Annuity can take place of pension
My husband and I are thinking about retirement. In many of your columns, you note multiple sources of income. Pensions are often provided for those working for someone else. What sources of income are available for middle-class people who are self-employed? — B.K., Garland, Texas
A pension plan provides workers with a guaranteed lifetime income. People who are self-employed can achieve the same security by committing a portion of their retirement savings to a single-premium life annuity purchased from an insurance company.
A recent quote from the website immediateannuities.com indicated a monthly income of $490 for a joint-life annuity on a 66-year-old couple for a $100,000 purchase. It would be unwise, however, to commit all of your savings to a life annuity. Why? Because a life annuity is an exchange of one sum, that $100,000, for a lifetime of fixed payments — you can’t get your original investment back.
The next thing for you to do is make an appointment at your local Social Security office and get estimates of your current and future Social Security benefits.
We are looking for guidance on the best thing to do with proceeds from the sale of our home. I am 57, and I will retire with a civil service pension, money in the Thrift Savings Plan and Social Security. My estimated pension is $2,500 a month. My current TSP balance is $227,000, and I plan to contribute $18,000 a year for the next six years. My Social Security benefit at age 66 will be $2,154 a month. My husband, also 57, is self-employed. He will have only Social Security when he decides to retire. His benefit is estimated at $1,704 a month at 66.

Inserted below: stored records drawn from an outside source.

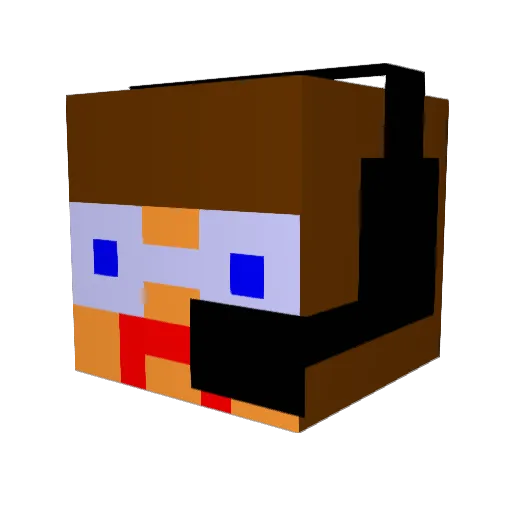 Typographyy Minecraft avatar head, 3D render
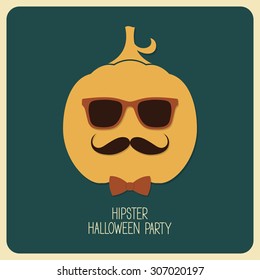 Hipster Halloween pumpkin with glasses, moustache and bow tie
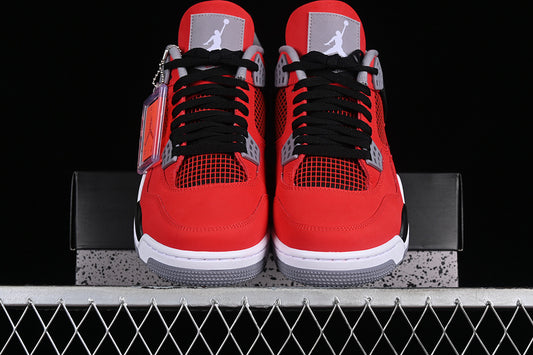 Nike Air Jordan 4 Retro Toro Bravo Fire Red White Black Cement Grey Sneakers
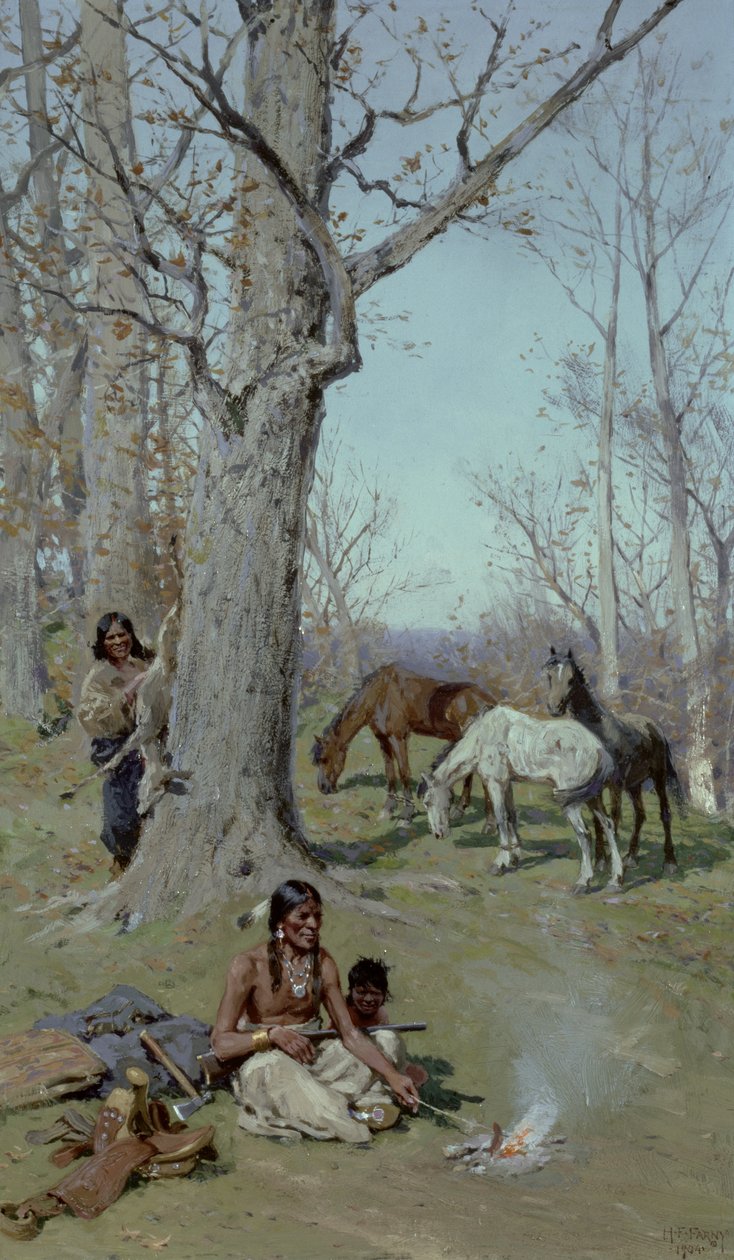 Chlapcova snídaně, 1904 od Henry Francois Farny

We have about $170,000 from the sale of our home. From these proceeds, we plan to set aside funds for our son who is just starting college ($65,000 for four years) and also set aside (in a money market fund) an emergency cash amount of $35,000.

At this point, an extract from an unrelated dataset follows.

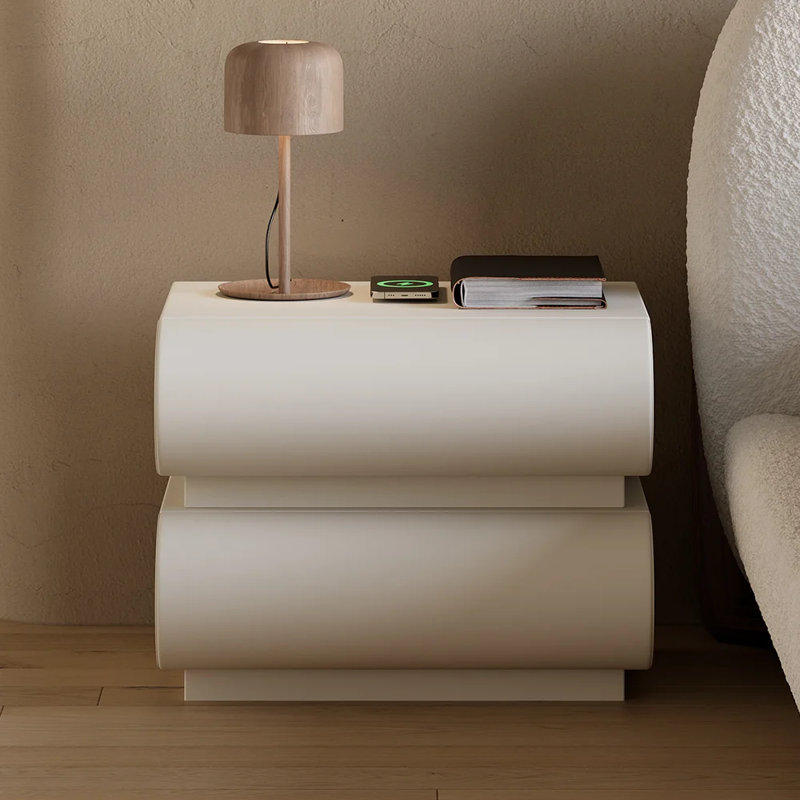 Rhiley 40cm W Manufactured Wood Bedside Table, White
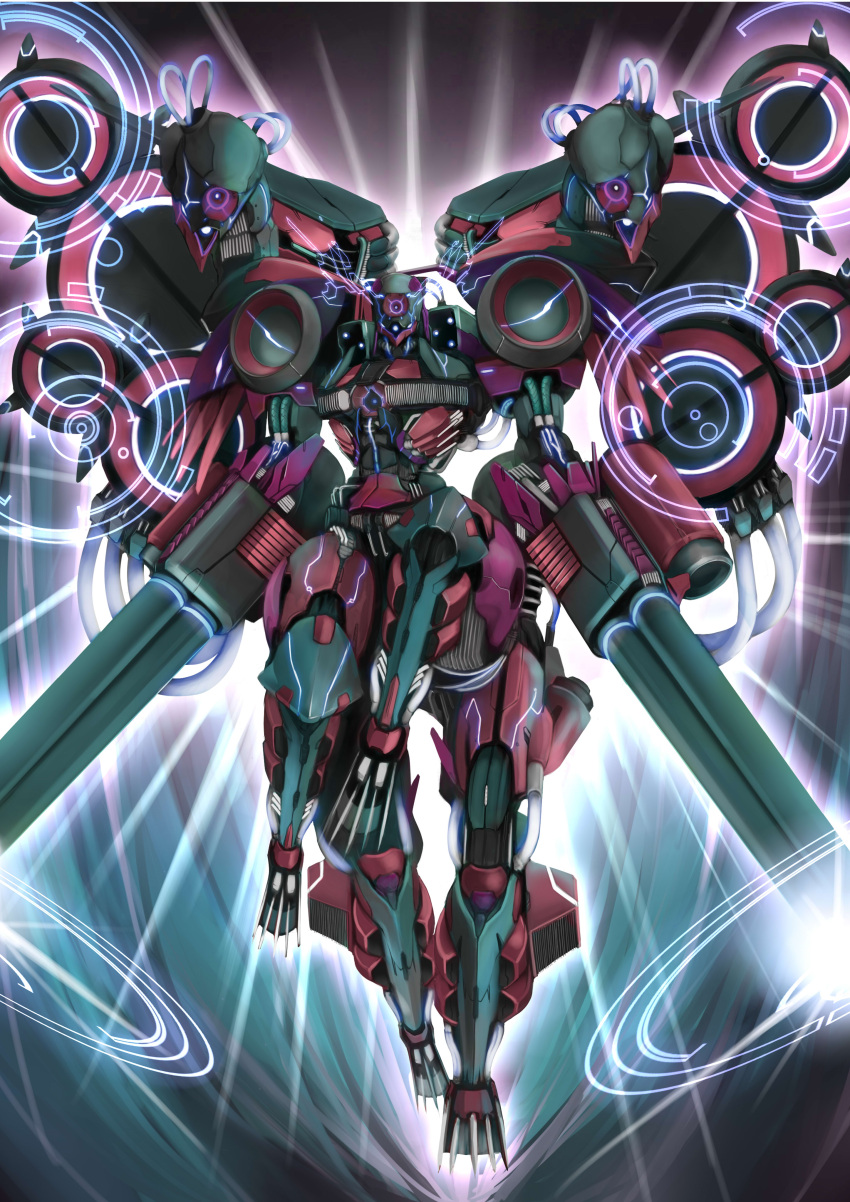 absurdres cable centauroid chris_ilst duel_masters energy_cannon floating full_body glowing highres hologram mecha no_humans official_art robot science_fiction taur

What type of investment would you recommend for college savings? And what strategy/investment plan would you recommend for retirement purposes? — L.L., by email
The best you can do on the college funding is to do some careful hunting for higher-rate certificates of deposit on bankrate.com. Although you’ll get a lot more than average CDs, it won’t be impressive, but you’ll avoid risk of loss. Time the maturities for when the payments are due.
Assuming reasonable risk in current savings, taking more conservative positions as you approach retirement (and immediately afterward) is a good way to sleep better.